Electrospinning Alternative Offers Controlled Fabrication of Nanofibers

Dissatisfied with the high-voltage electrical fields and low production rate associated with electrospinning processes, researchers at Harvard University (Cambridge, MA) have developed a low-voltage rotary jet-spinning technology that allows for the high-output fabrication of tiny, aligned, 3-D nanofibers. Using only a drum and a nozzle, the technique enables the production of biocompatible nanotextiles for a variety of applications, including tissue scaffolds and artificial organs.

Describing their process as a "cross between a high-speed centrifuge and a cotton candy machine," the researchers employ high-speed, rotating polymer-solution jets to extrude the nanofibers. The desired synthetic or natural material is fed into the machine and then stretched out into long fibers as a result of the high-speed spinning motion. Then, the fibers are extruded through the nozzle by hydrostatic and centrifugal pressures. Polymer-based threads that are 100 nm in diameter can be produced.

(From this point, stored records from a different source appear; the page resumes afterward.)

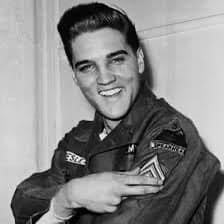 Elvis Presley receiving a police badge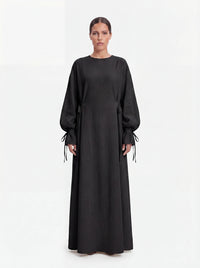 Schwarze Abaya mit Schleifendetails an den Ärmelabschlüssen und der Taille, Frontalansicht.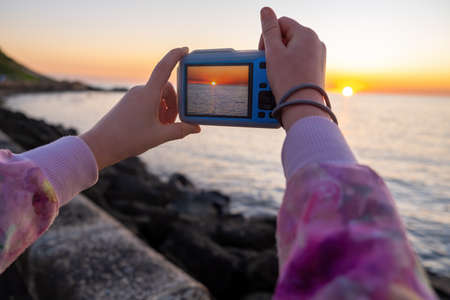 Child hands taking photo of sunset over seaの写真素材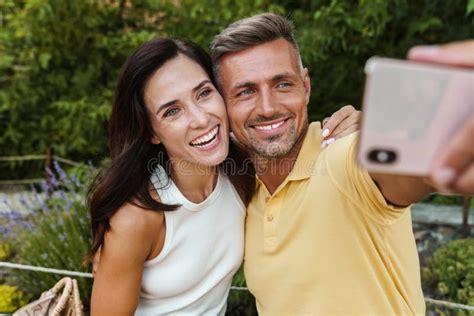 Portrait Of Joyful Middle Aged Couple Taking Selfie Photo On Cellphone And Hugging While Walking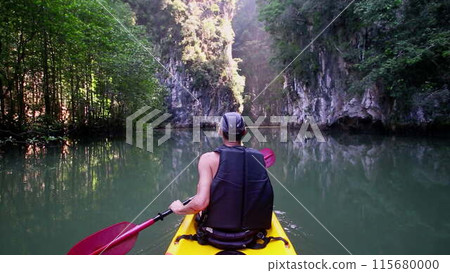 Man leisurely navigates kayak admiring wild nature Man leisurely navigates kayak admiring wild nature 115680000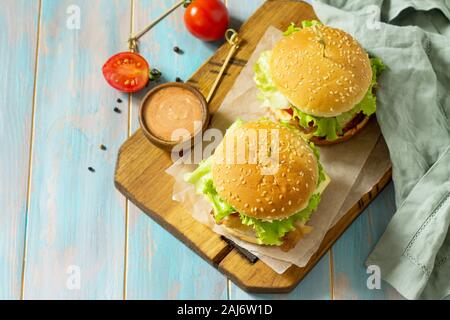 American snack Street food. Fast food. Homemade hamburger on wooden rustic table. Free space for your text. Stock Photo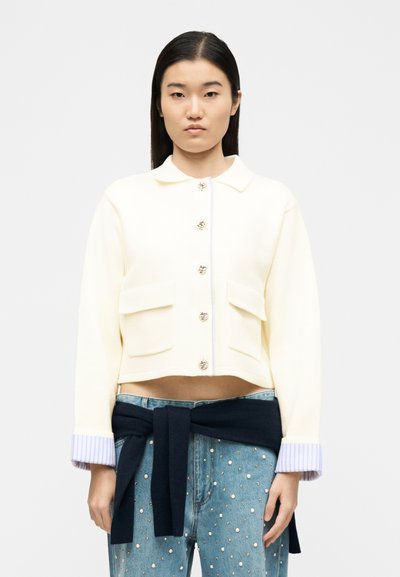 Jeune femme portant une veste courte crème avec des boutons dorés, des poignets rayés, un jean orné de perles, et un pull sombre noué autour de la taille.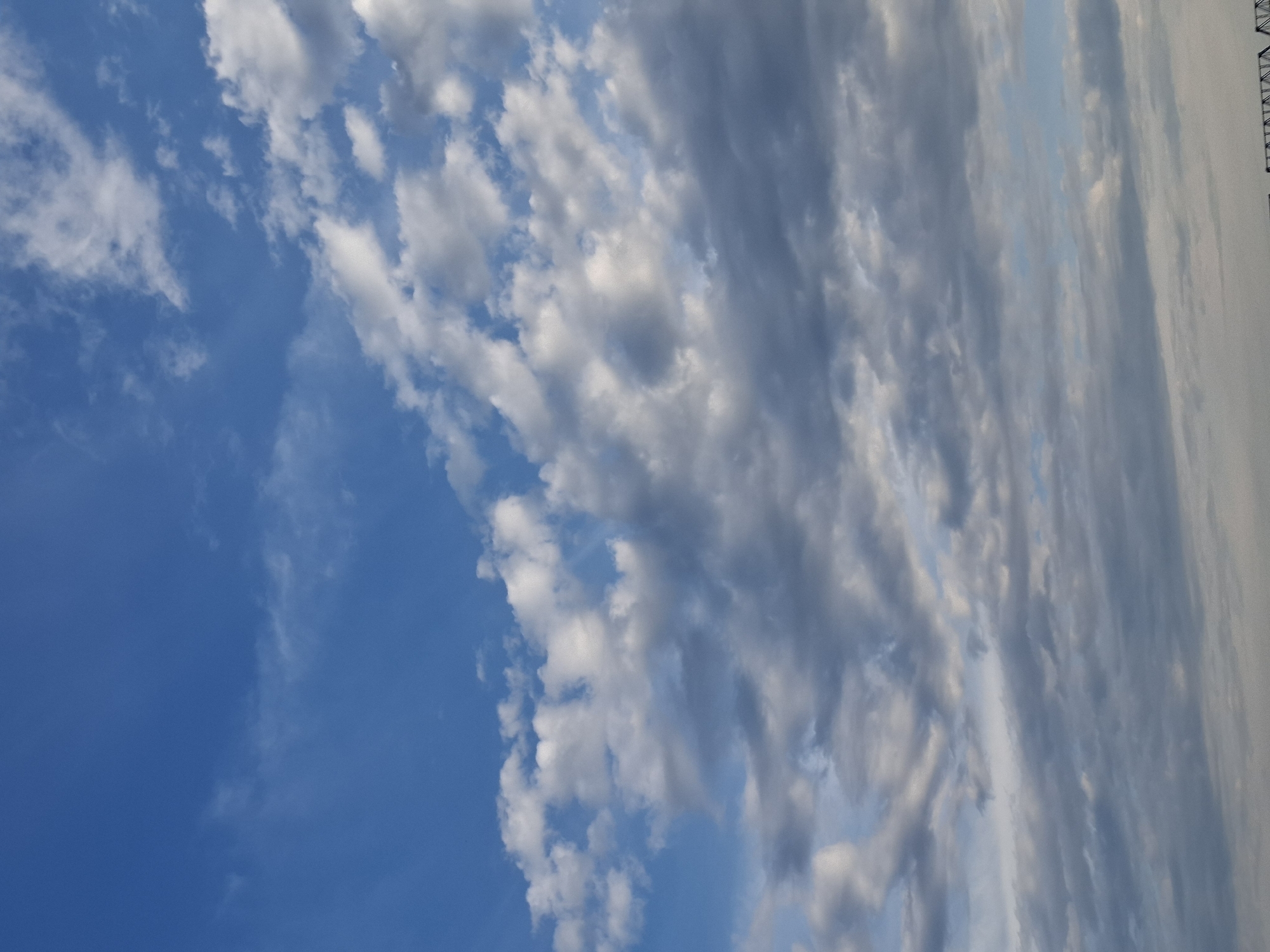 The image shows a cloudy sky with a blue hue. The clouds are varied in shape and density, with some appearing white and fluffy while others are gray and more solid. The lighting suggests it could be late afternoon or early morning. There are no visible people, subjects, or objects in the foreground or mid-ground of the image, only the sky and clouds. The bottom edge of the image shows a very faint hint of what appears to be a structure, possibly a bridge or some industrial construction, but it is too indistinct to identify. The image is a vertical, full-frame shot of the sky.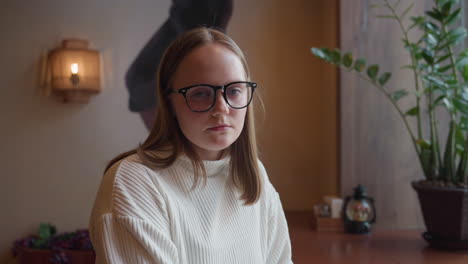 student sits beside large window in cozy cafe, looking serious while holding mug, indoor plant placed near her on wooden table, wall art and snowy cityscape seen outside create serene background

The process offers more control than electrospinning, according to the scientists. "Fiber morphology, diameter, and web porosity can be controlled by varying nozzle geometry, rotation speed, and polymer solution properties," the researchers state in an abstract for the journal Nano Letters.

Furthermore, fibers can be fabricated in an array of shapes and textures, and provide flexibility for 3-D structures. The scientists speculate that their equipment could enable the eventual production of miniature scaffolds in vivo.